Fuck all of you
They’re letting him go on fucking vacation with family because it was family thing that. Came the fuck up.
Where you off to? Kid getting married! You and that fucking whore? Or are you off to Mexico to bang bitches.
You go on vacation and you move on with your life and in the meantime the people you have fucking destroyed just have to wait.It will July fucking fourth all over again. just have to wait for {D}
you cock sucker
Why the fuck. Didn’t you just kill me? It would have been kinder than the two fucking years I have lived through.
The only fucking thing I have left is the hope that hell exists so one day you get to feel like this. Forever and ever and ever and ever.
I ask again, why the fuck did it have to be me. Why? I was so good to you. You could have not. You already had someone who fucking liked it. You didn’t need to do that to me. You could have just let me go years before like fucking years. But no that wasn’t what you wanted.
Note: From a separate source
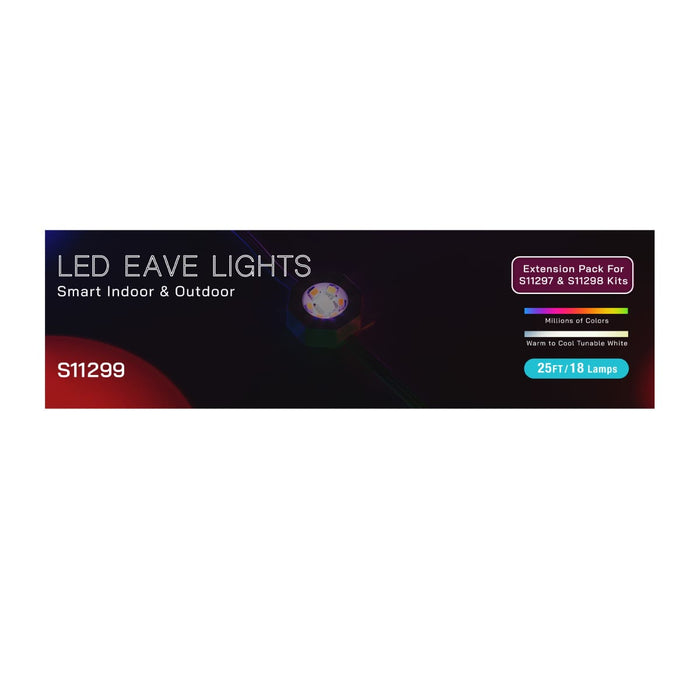 String Light Satco S11299 Starfish - 12 Watt - 25 Foot LED Eave String Light Extension - RGBTW - White Finish - 120 Volt Satco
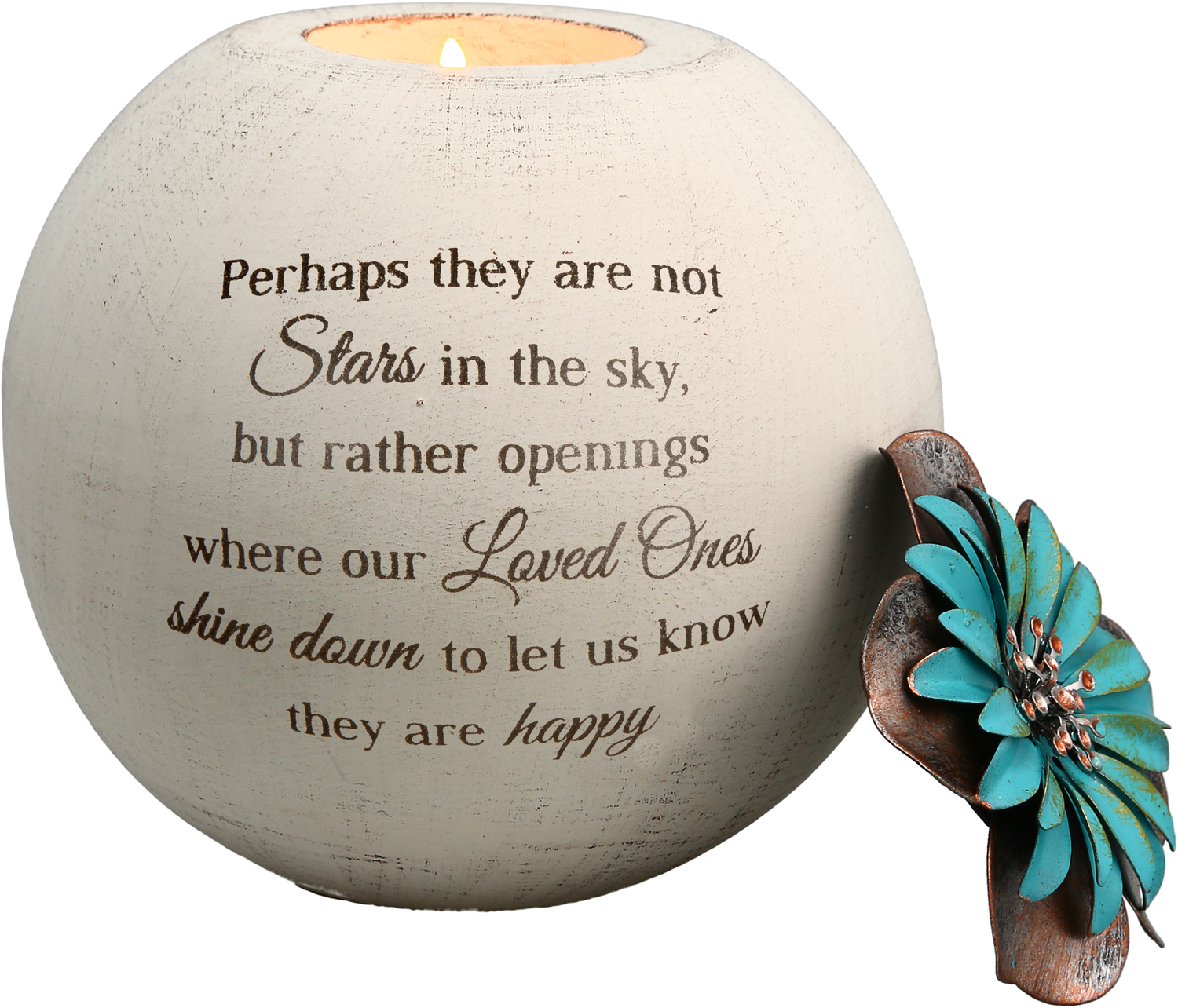 Stars in the Sky by Light Your Way Memorial - <em>Stars</em> - Memorial Globe Candle Holder -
You love hurting women and you just keep stomping on me. It’s never going to end is it?
I have to get a loan on my car to depose you. I can’t handle this lawsuit and I can’t let you go free and fucking disbarment didn’t even fucking happen.
I want to face you on the fucking stand. I want you to have to look me in the fucking eye. That is all I fucking want. If you’re going to fucking lie, you better have to feel whatever your little slimy assed soul can feel of shame and remorse and embarrassment.
And you my friend need to look in my eyes. You need to see what you did to me. The woman who was so good to you. You need to see. You need to have that in your head until every day for the rest of your life.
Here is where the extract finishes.